Caption-style text data:

--------

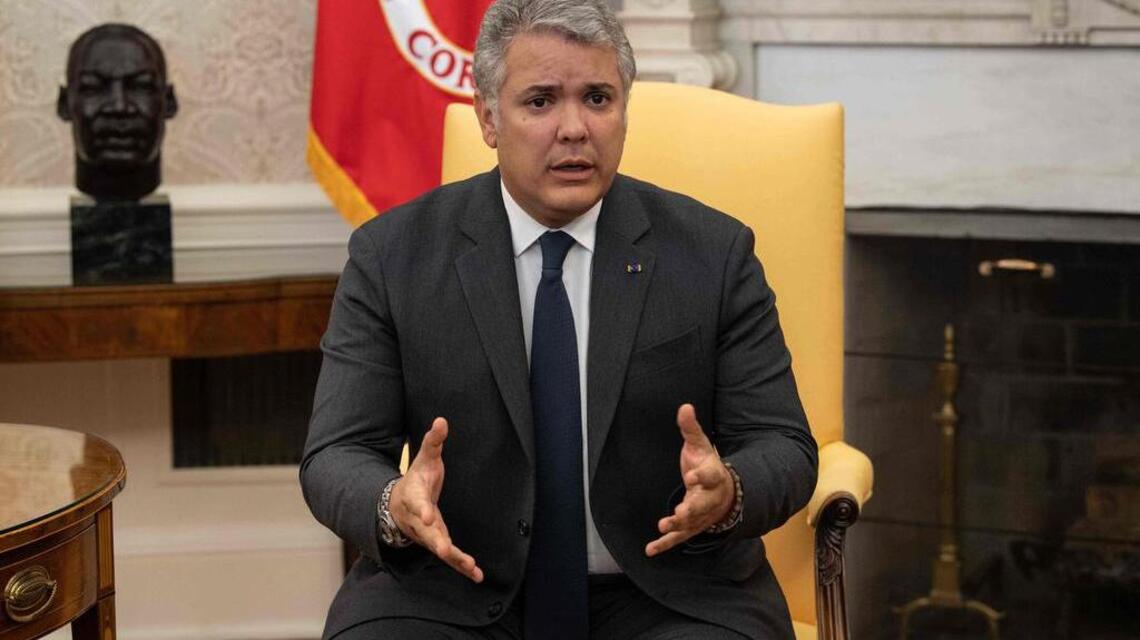 Colombia to suspend international flights as region shuts amid COVID-19 fears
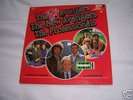 L. Johnson-AVENGERS/PROFESSIONALS lp soundtrack/ funkEX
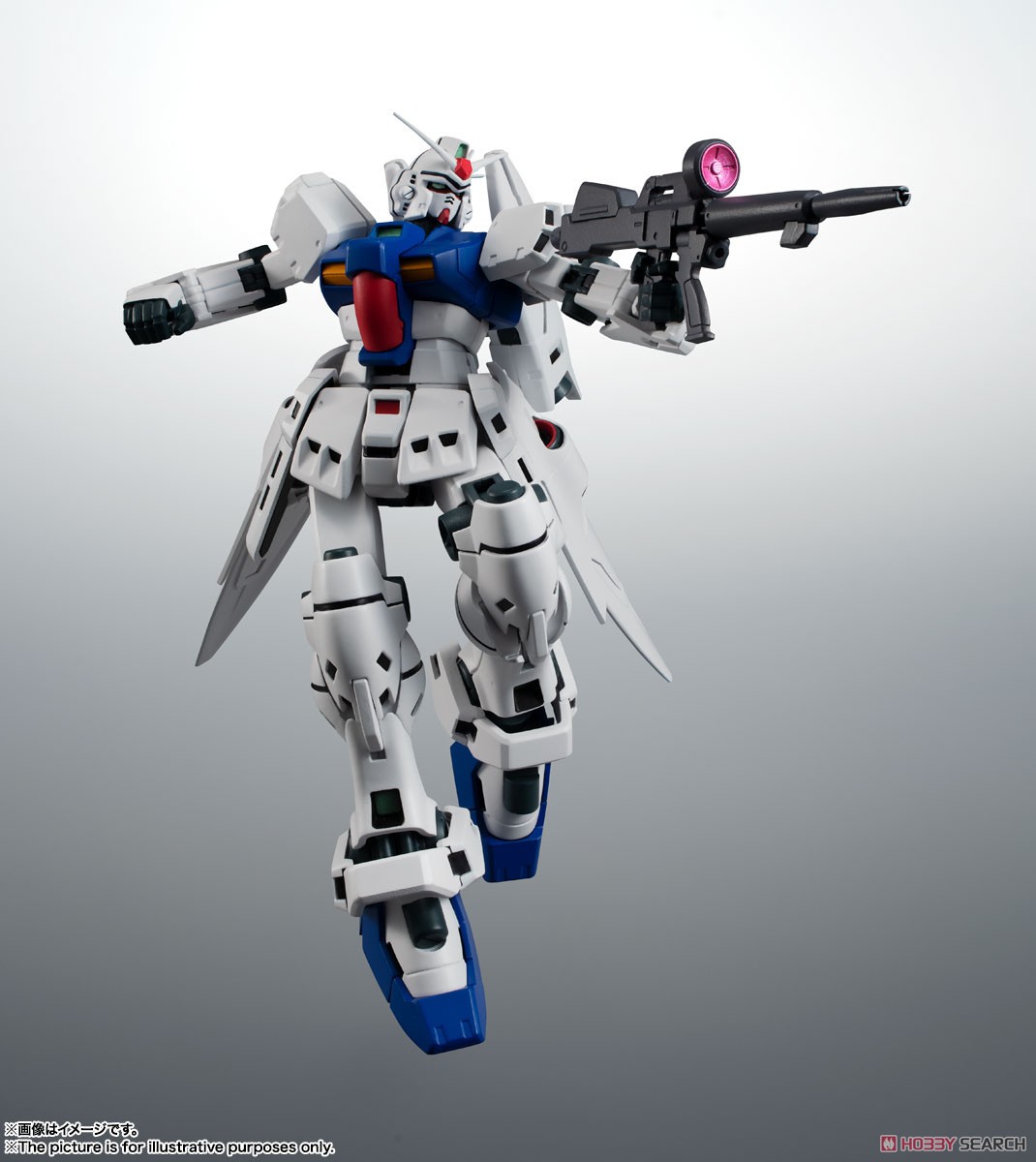 เปิดรับPreorder มัดจำ 500 บาท Robot Spirits RX-78GP03S Gundam GP03S Stamen Ver. A.N.I.M.E.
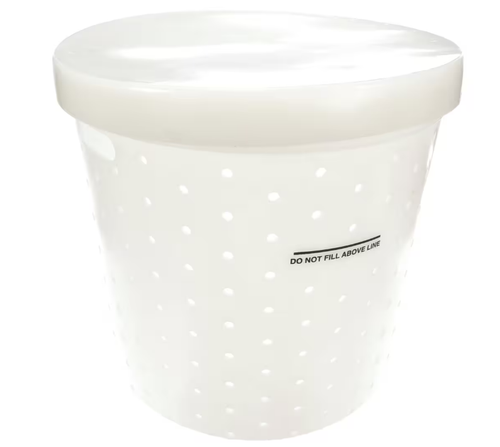 9R0005 EXTRA LINER + WHITE LID FOR 77LT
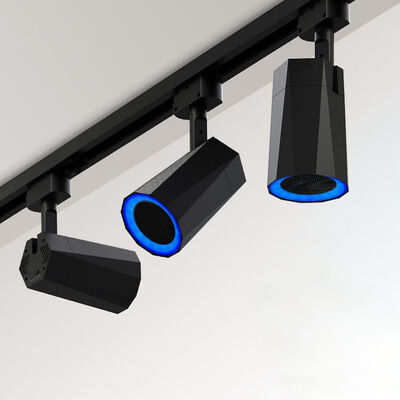 Led Spot Track Light, High Quality Design RGB Track Light ,12w Led Track Light for Clothing Shop Coffee House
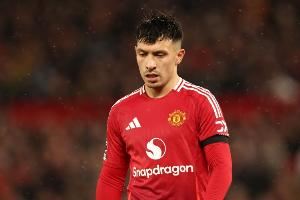 邮报:尽管还没能为曼联复出,但利马仍可能入选阿根廷国家队 邮报:尽管还没能为曼联复出,但利马仍可能入选阿根廷国家队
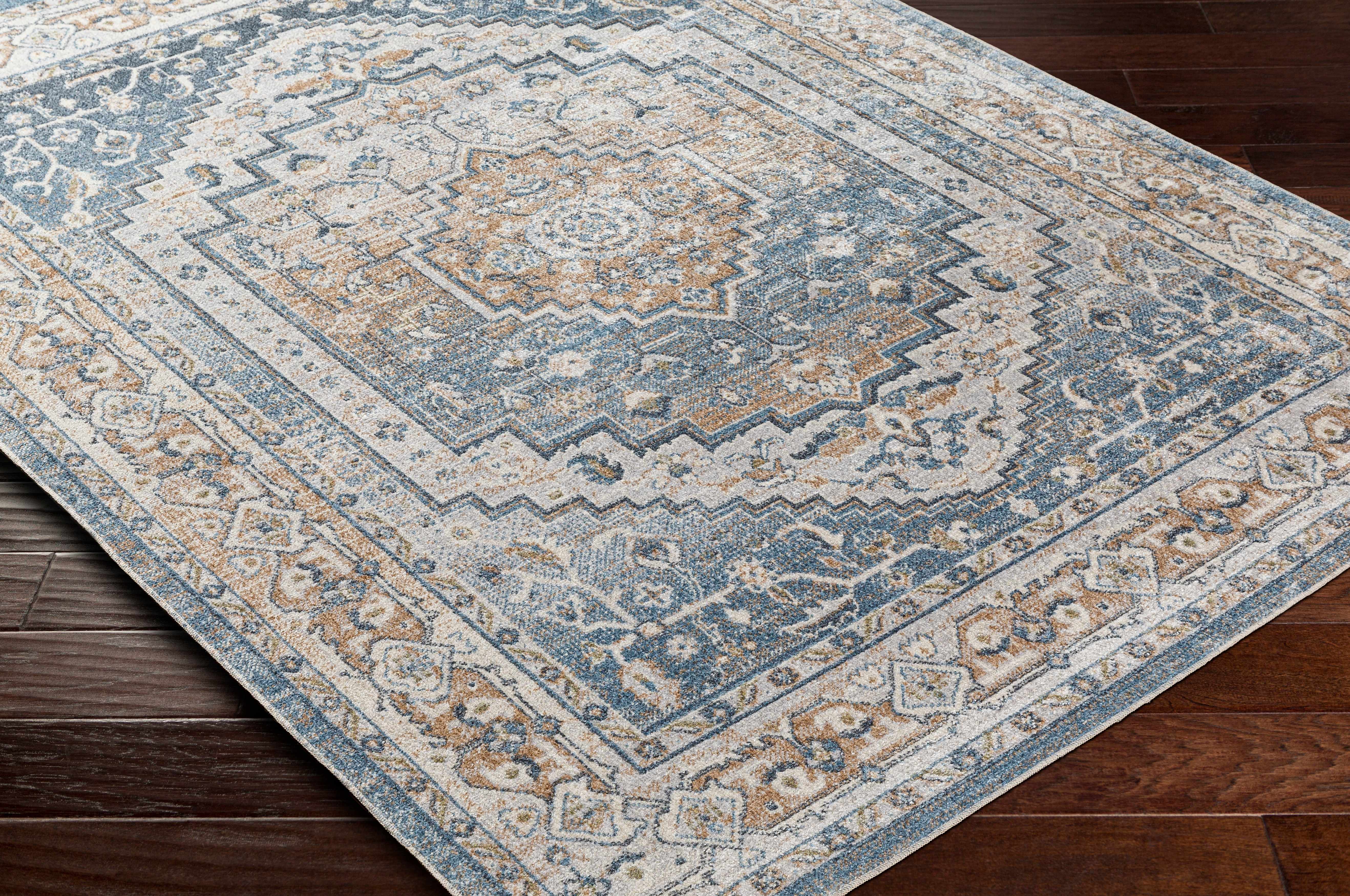 Nana Washable Runner Rug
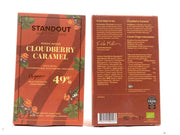 Standout Cloudberry Caramel 49% Milk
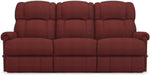 La-Z-Boy Pinnacle Reclina-Way Mulberry Full Wall Reclining Sofa image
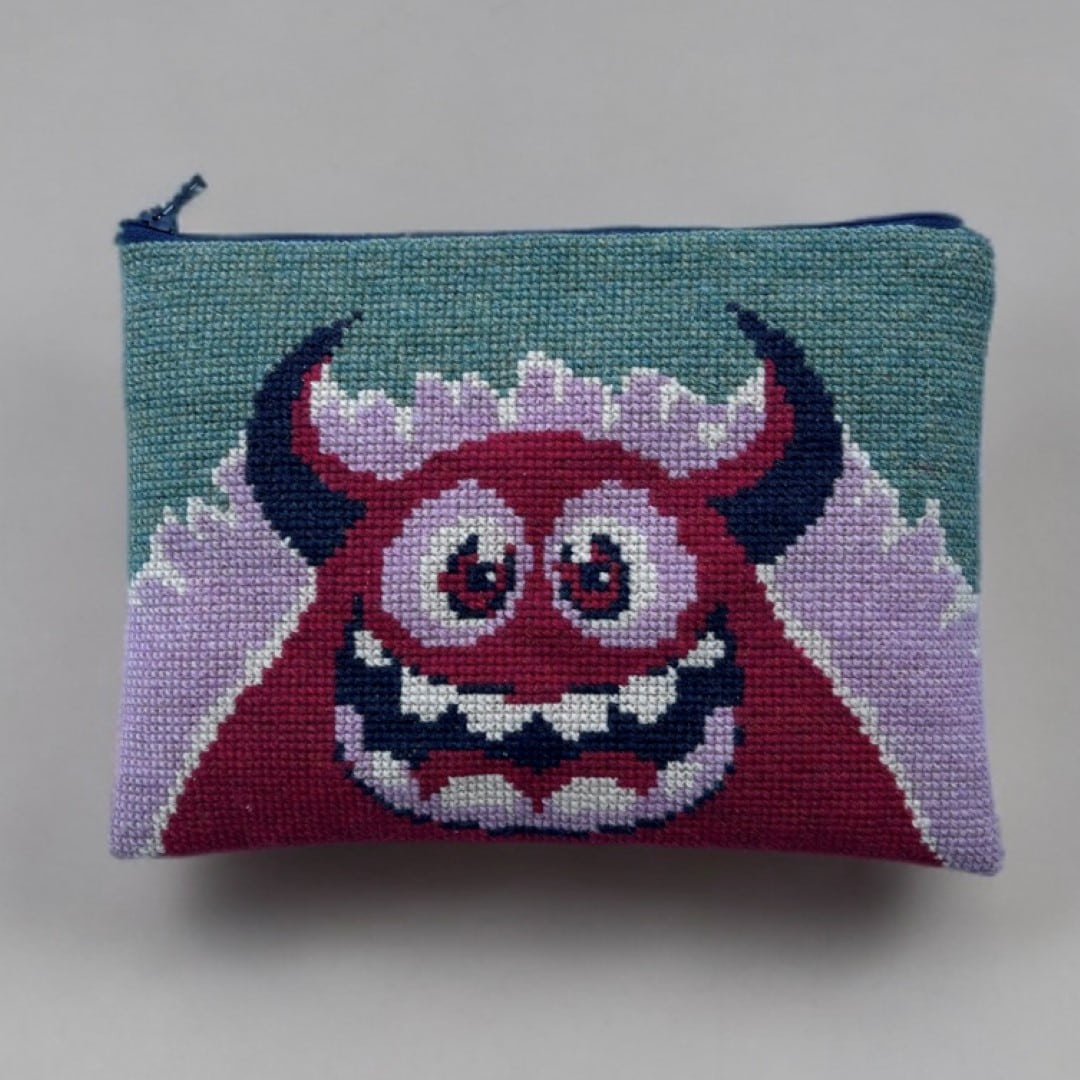 Fru Tø Clutch fra Baldyre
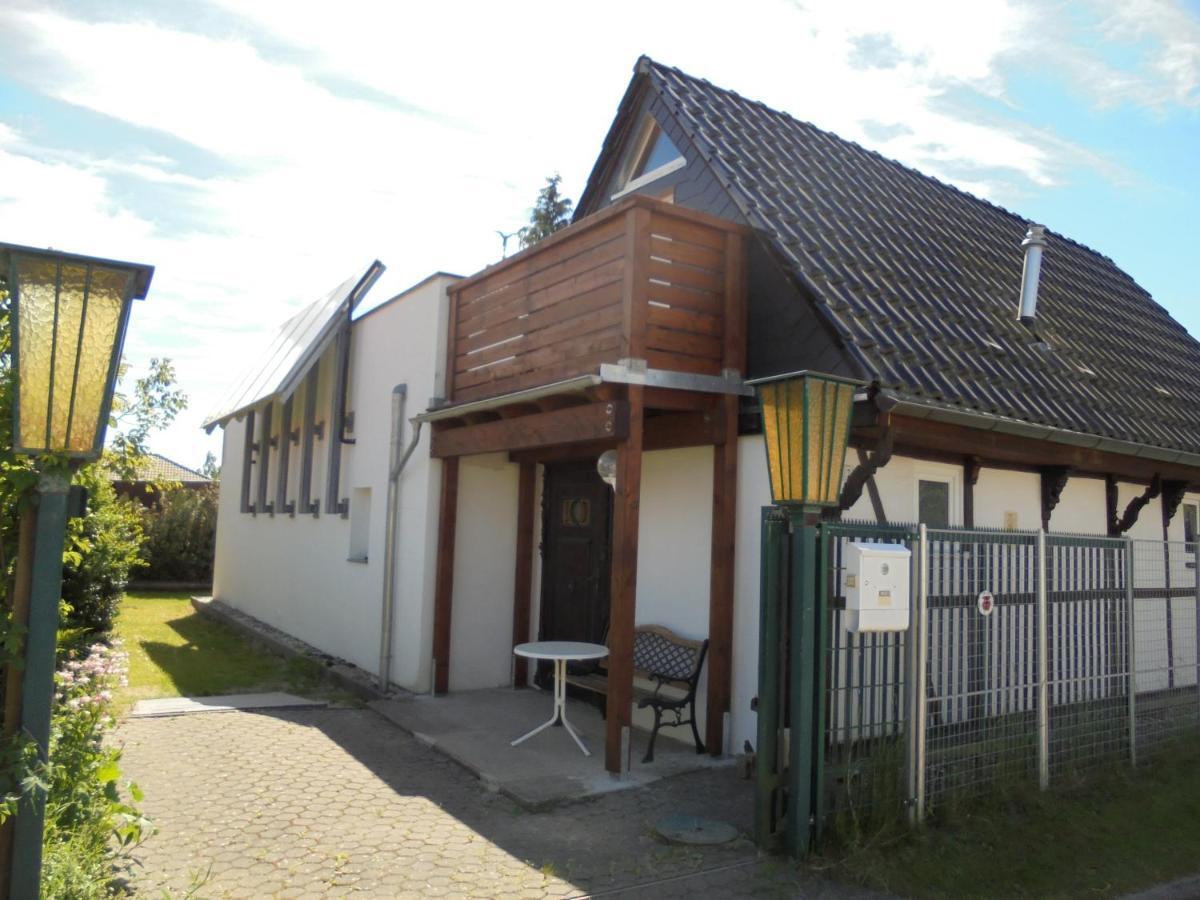 Holiday home Piratenburg Rovershagen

--------

From the line containing "9R0005 EXTRA LINER + WHITE LID FOR 77LT" down to the end of the data above, reproduce each line exactly; no pictures.

> ANSWER SPACE
 9R0005 EXTRA LINER + WHITE LID FOR 77LT
 Led Spot Track Light, High Quality Design RGB Track Light ,12w Led Track Light for Clothing Shop Coffee House
 邮报:尽管还没能为曼联复出,但利马仍可能入选阿根廷国家队 邮报:尽管还没能为曼联复出,但利马仍可能入选阿根廷国家队
 Nana Washable Runner Rug
 Standout Cloudberry Caramel 49% Milk
 La-Z-Boy Pinnacle Reclina-Way Mulberry Full Wall Reclining Sofa image
 Fru Tø Clutch fra Baldyre
 Holiday home Piratenburg Rovershagen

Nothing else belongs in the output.